The material below holds the lines to copy: from the one with "6 Invitaciones Transformers 240 x 80 mm" up to and including the one with "A-Premium Mud Flaps". Copy them exactly and skip the pictures.

» Provided records:

▬▬▬▬▬▬

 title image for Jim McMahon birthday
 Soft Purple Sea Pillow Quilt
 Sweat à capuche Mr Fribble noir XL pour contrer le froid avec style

▬▬▬▬▬▬

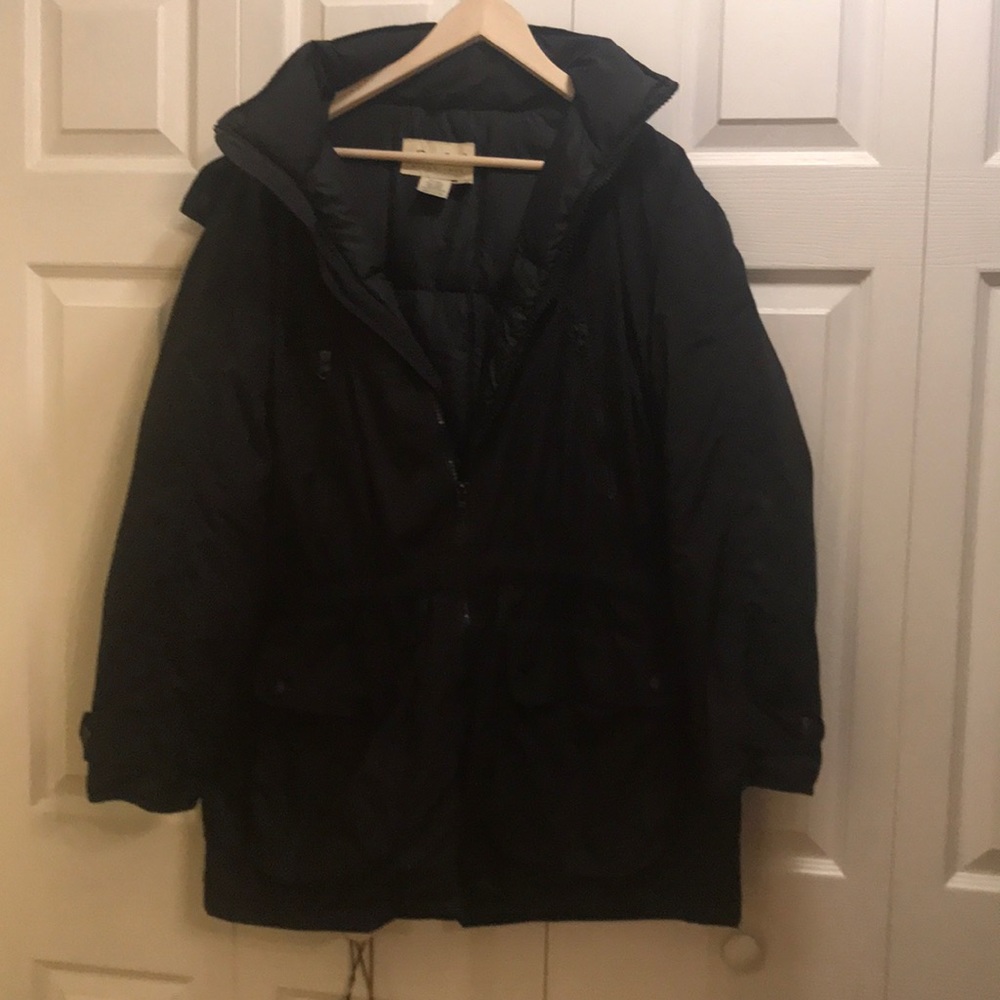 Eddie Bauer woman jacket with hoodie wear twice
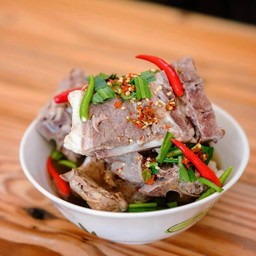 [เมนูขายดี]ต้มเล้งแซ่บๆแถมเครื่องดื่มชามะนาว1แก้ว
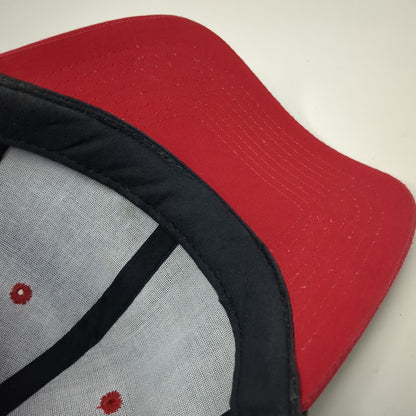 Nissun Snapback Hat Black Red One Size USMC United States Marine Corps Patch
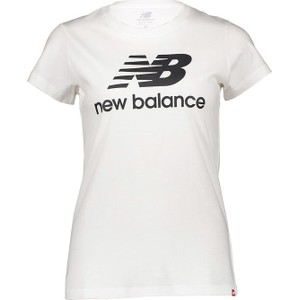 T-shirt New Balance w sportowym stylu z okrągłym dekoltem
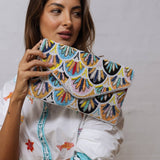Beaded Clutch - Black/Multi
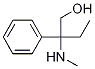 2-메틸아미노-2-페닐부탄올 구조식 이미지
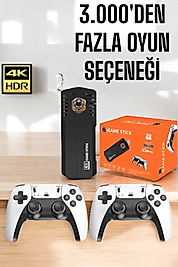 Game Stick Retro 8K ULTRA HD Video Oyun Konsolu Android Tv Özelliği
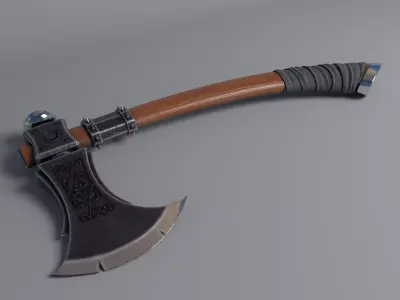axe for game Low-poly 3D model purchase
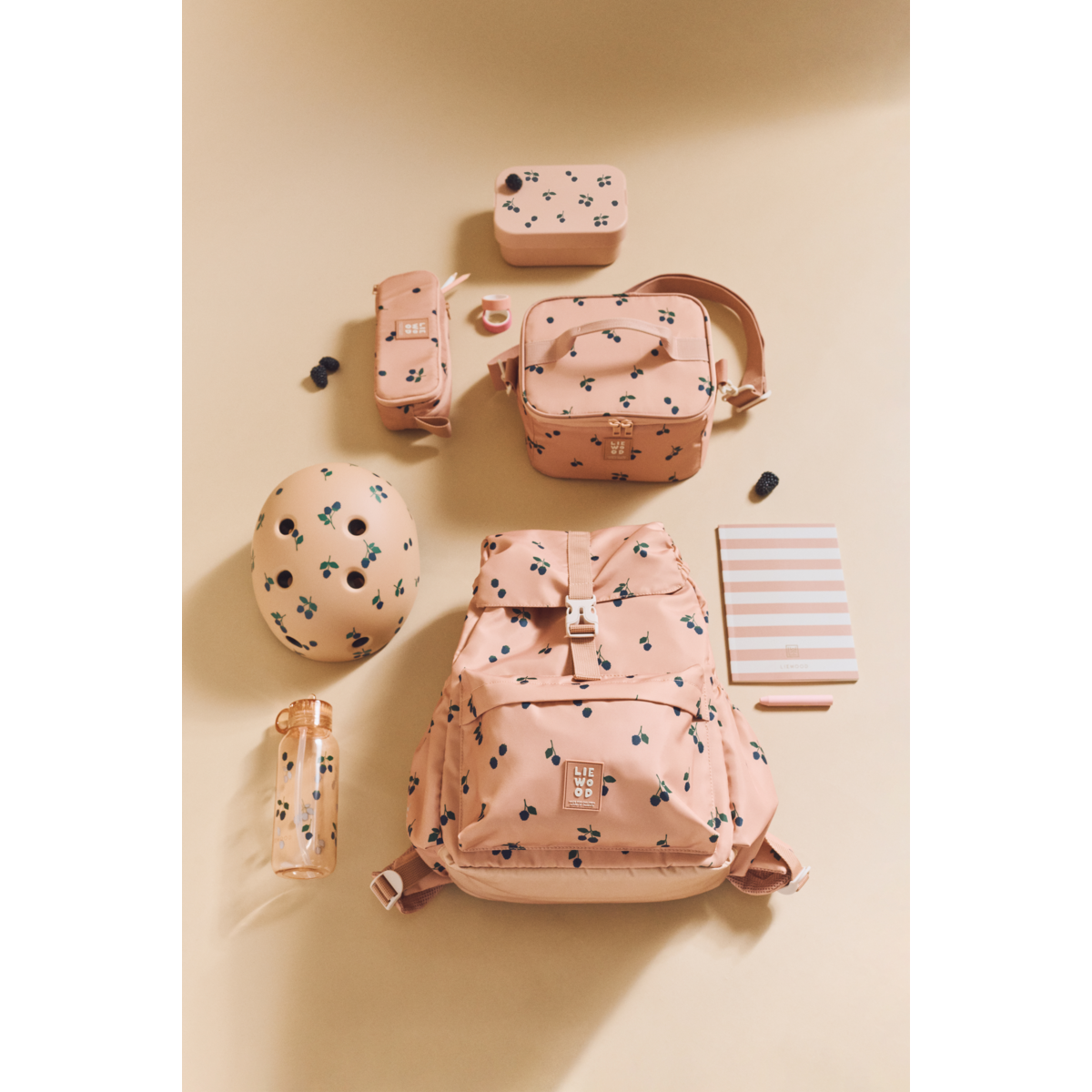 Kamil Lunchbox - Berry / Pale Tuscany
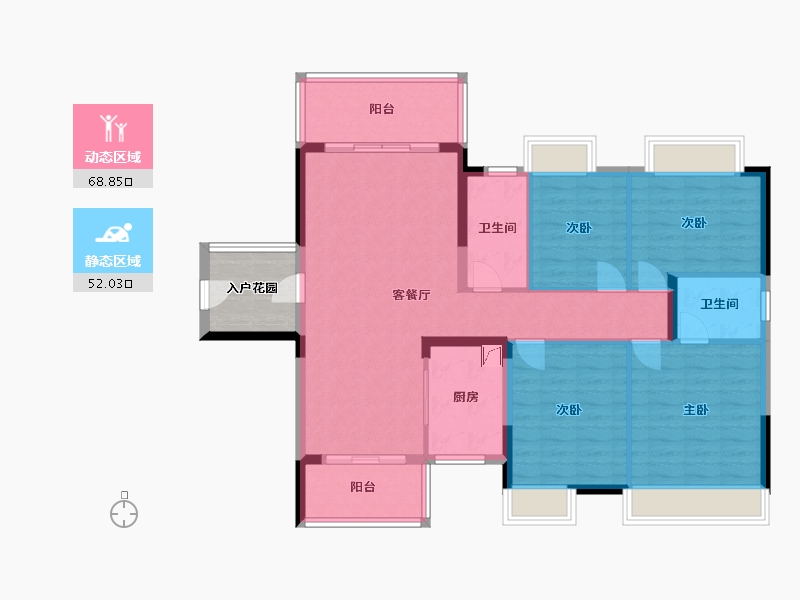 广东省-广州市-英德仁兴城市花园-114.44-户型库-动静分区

▬▬▬▬▬▬

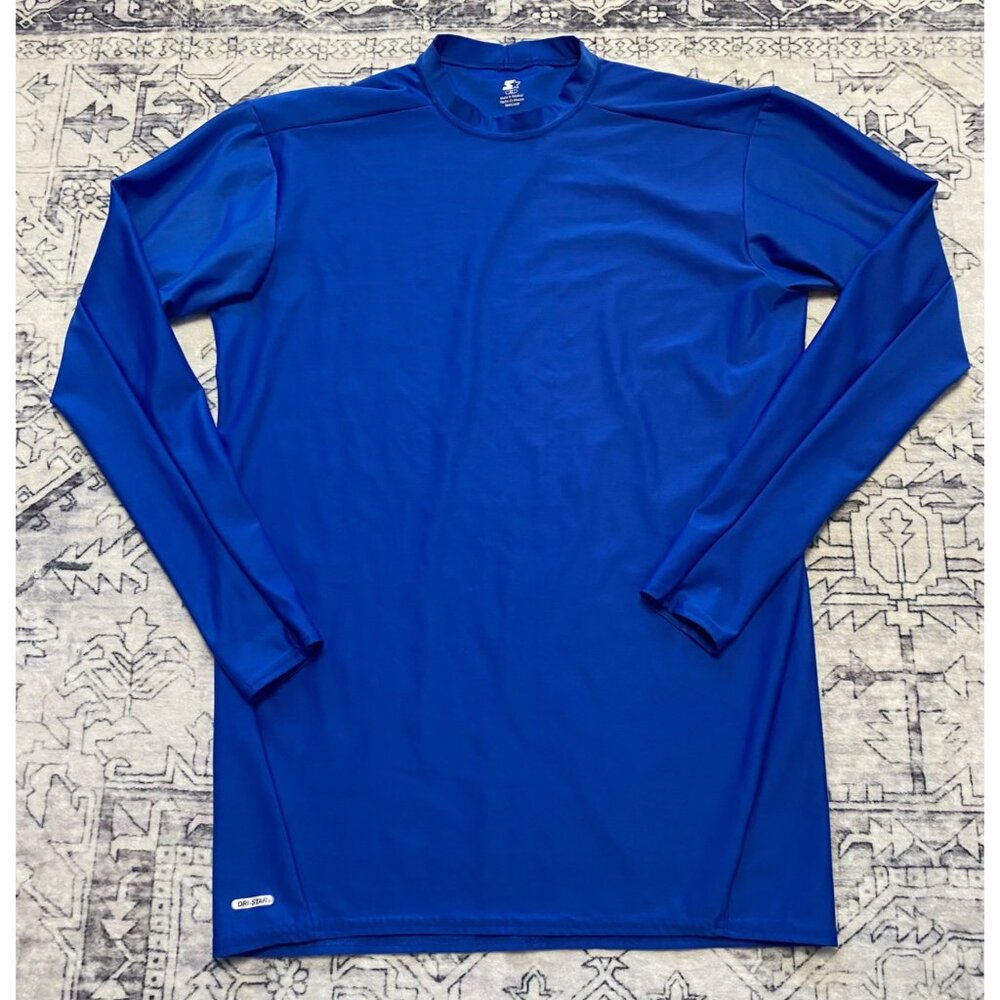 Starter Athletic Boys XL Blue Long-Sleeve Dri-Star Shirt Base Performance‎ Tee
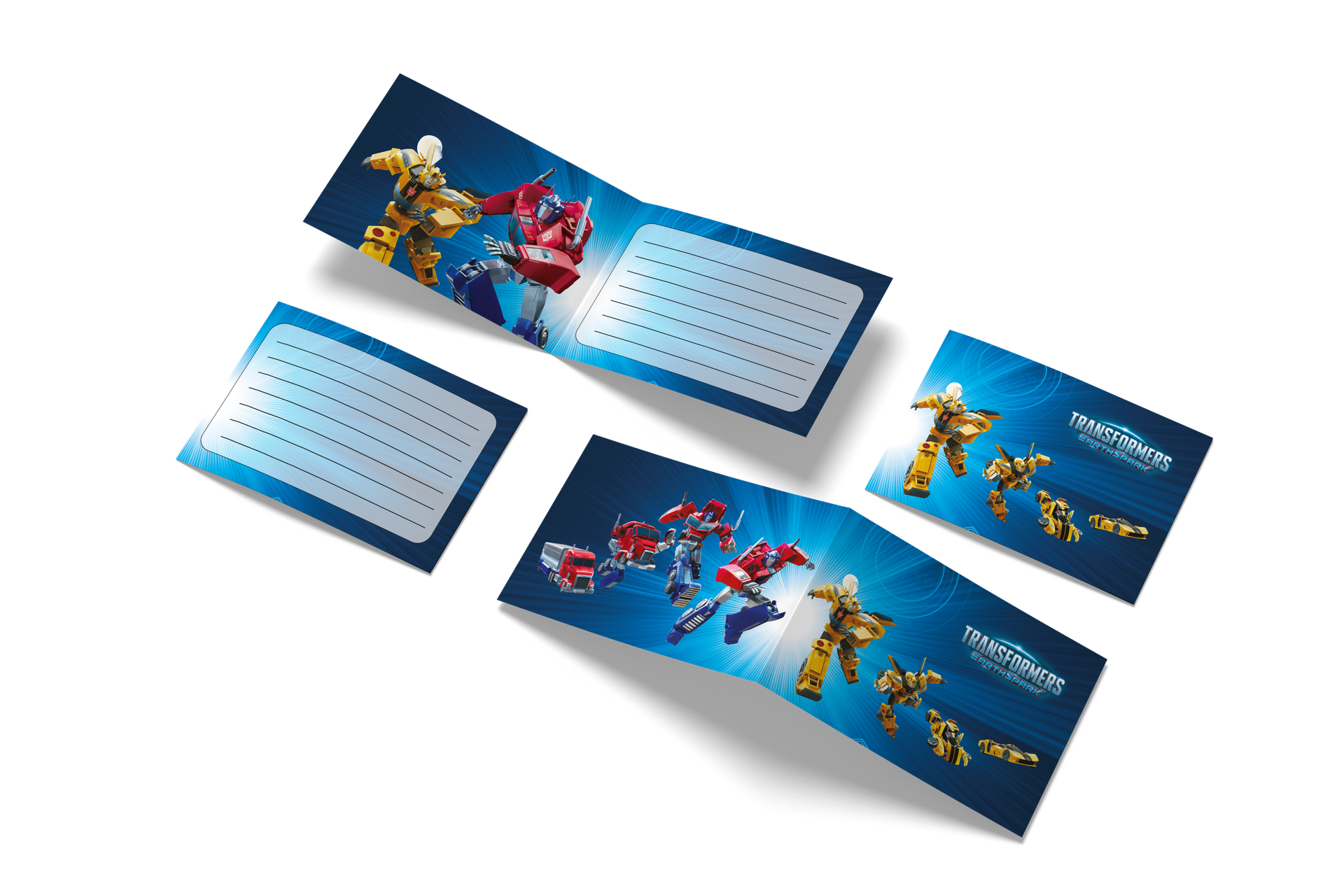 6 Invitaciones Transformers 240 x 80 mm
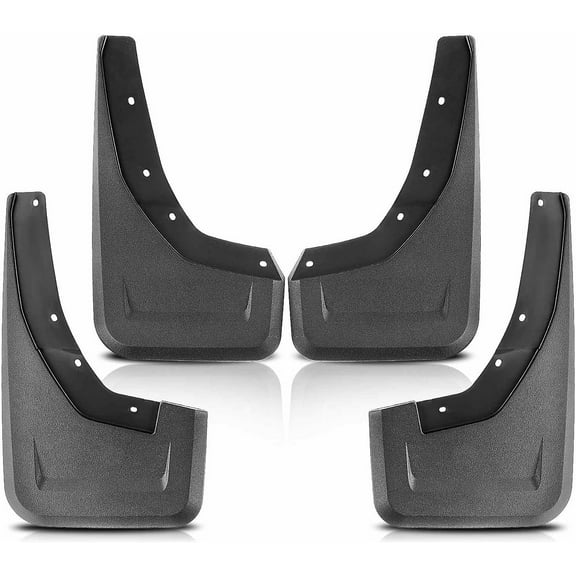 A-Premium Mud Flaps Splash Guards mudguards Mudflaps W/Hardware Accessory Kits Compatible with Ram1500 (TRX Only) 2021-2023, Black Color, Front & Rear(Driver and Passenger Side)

▬▬▬▬▬▬

» Response below:
 6 Invitaciones Transformers 240 x 80 mm
 A-Premium Mud Flaps Splash Guards mudguards Mudflaps W/Hardware Accessory Kits Compatible with Ram1500 (TRX Only) 2021-2023, Black Color, Front & Rear(Driver and Passenger Side)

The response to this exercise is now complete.